Fugue. Page 144, la lampe qui éclaire le bureau d’Abram Terz (pseudonyme d’Andréï Siniavski) de retour du goulag en 1971, projette une lumière faible et parcimonieuse, qui fait penser à la lumière de l’atelier du peintre selon Svetlana Alpers, qui permet de mener sur les objets des expériences impossibles à mener dans la lumière extérieure universelle, ce qui fait penser à l’atelier d’écriture où s’est retiré Robert Walser, qui n’écrivait qu’au crayon, ce qui fait songer aux huit mètres carrés où écrivait Krzyzanowski (et au cabinet de Nabokov, — pourquoi pas ?), ainsi qu’à Saint Augustin, qui perdait son temps à observer un caméléon, confesse-t-il au Vème siècle après J. C., au lieu d’écrire ses Confessions dans son bureau, un peu comme Flaubert qui observait des poissons rouges, confie-t-il à George Sand, quand il n’écrivait pas, car l’atelier est un lieu d’attention flottante, et ce n’est pas Sei Shonagon qui dira le contraire, pas plus que Gogol, qui a écrit dans La Brouille des deux Ivan « et le rai de soleil qui s’infiltrait par l’oculus percé dans le volet / dessinait en frappant la paroi [etc.] » Lumineux, non ?

 

Conclusion.
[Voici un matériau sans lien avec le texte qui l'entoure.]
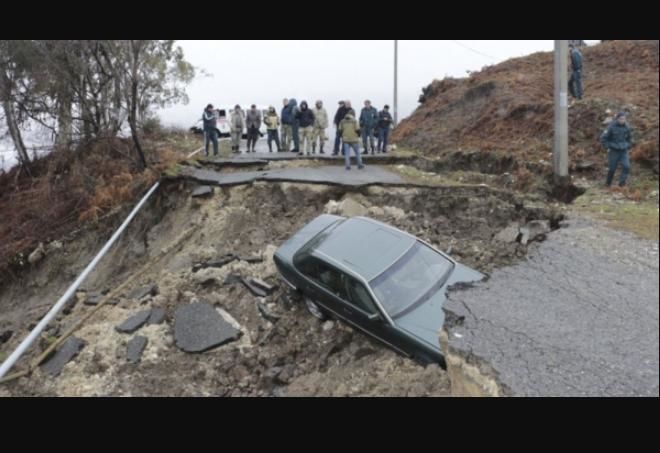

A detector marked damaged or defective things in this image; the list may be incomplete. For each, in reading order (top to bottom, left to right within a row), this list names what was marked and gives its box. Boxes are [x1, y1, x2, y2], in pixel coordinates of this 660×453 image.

cracked asphalt [444, 216, 660, 396] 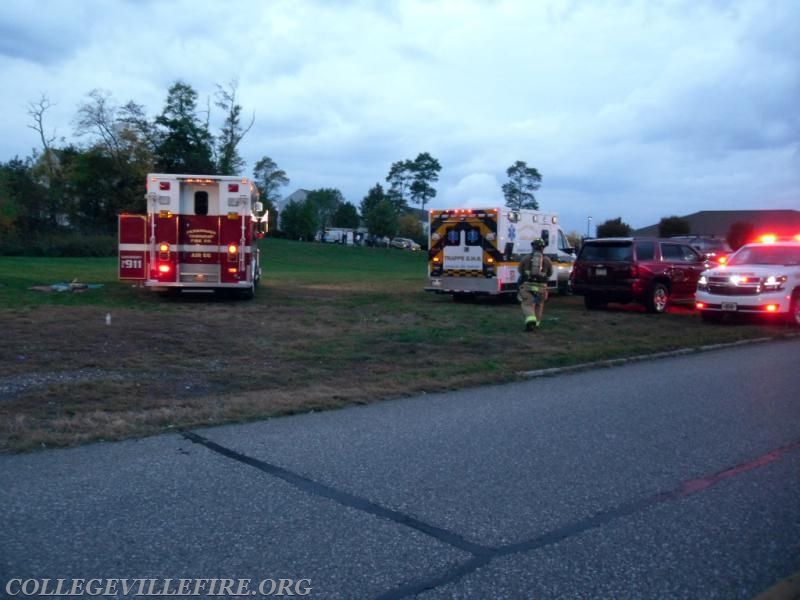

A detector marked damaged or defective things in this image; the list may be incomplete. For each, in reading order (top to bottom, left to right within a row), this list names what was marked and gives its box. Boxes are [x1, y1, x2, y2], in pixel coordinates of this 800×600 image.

crack in the pavement [181, 428, 800, 596] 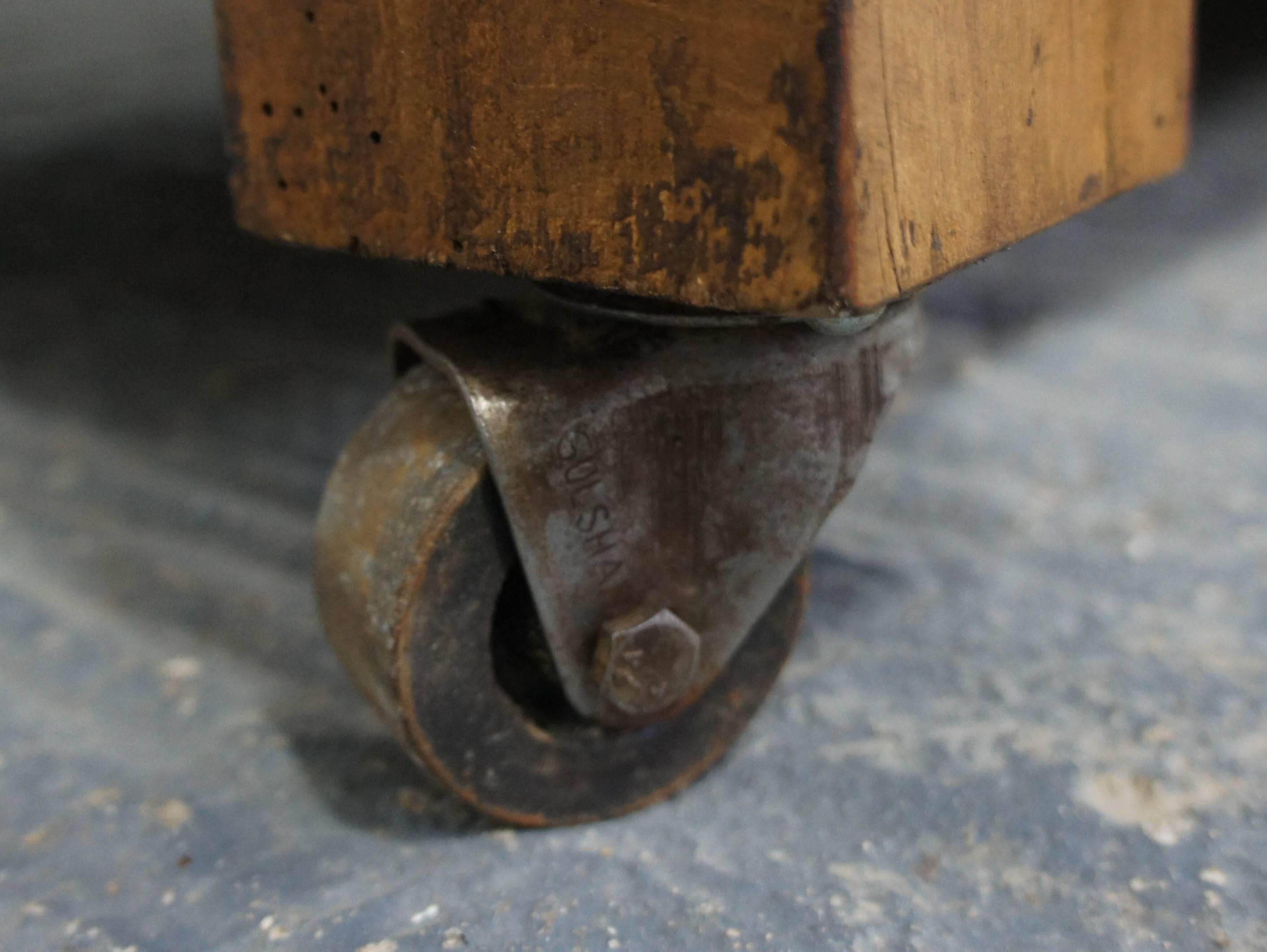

Selon moi, le plus intrigant du livre de Pierre Senges est qu’il fait ce qu’il dirait, s’il n’avait pas tant de peine à le dire. Ce qu’il peine à dire, en substance, c’est premièrement, que l’imagination est une puissance magnifique sans laquelle la littérature serait peu de chose ; deuxièmement, qu’à porter l’imagination à son degré le plus haut (au-delà de la réalité ou contre elle), la littérature gagne une liberté qui l’affranchit de la morale ordinaire et du bon sens (qui est mauvais) ; troisièmement que la vie des littérateurs qui font ce genre de littérature offre bien des détails qui symbolisent leur liberté esthétique (Robert Walser écrivait au crayon, Pouchkine aimait les jeux de cartes, Szentkuthy, comme Jean Paul, avait de l’appétit pour la totalité ; « Flaubert vouait au détail un amour exclusif et jaloux », etc.) Or ce que peine à dire Pierre Senges, il le fait dans son livre : en imaginant des liaisons entre tous les héros qu’il imaginarise, en s’affranchissant allègrement des règles de la vraisemblance historique et de la science des textes, et en inventant des symboles pour les liaisons qu’il a imaginées, — en fabriquant, en somme, de la littérature fantastico-comique sur la littérature des autres. À mon goût, le livre pèche par trois défauts : d’abord, son primesaut garde trop de sérieux (par trop de dévotion culturelle) ; ensuite, son érudition fatigue (pourquoi ne pas faire plutôt une littérature fantastico-comique de premier degré, sans cette foule de dieux tutélaires à gloser éternellement ?) ; enfin, le manque de concept rend arbitraires presque tous les rapprochements qu’il propose, sa poésie de la culture sonne le creux. Ça brille tout le temps, ça n’éclaire jamais.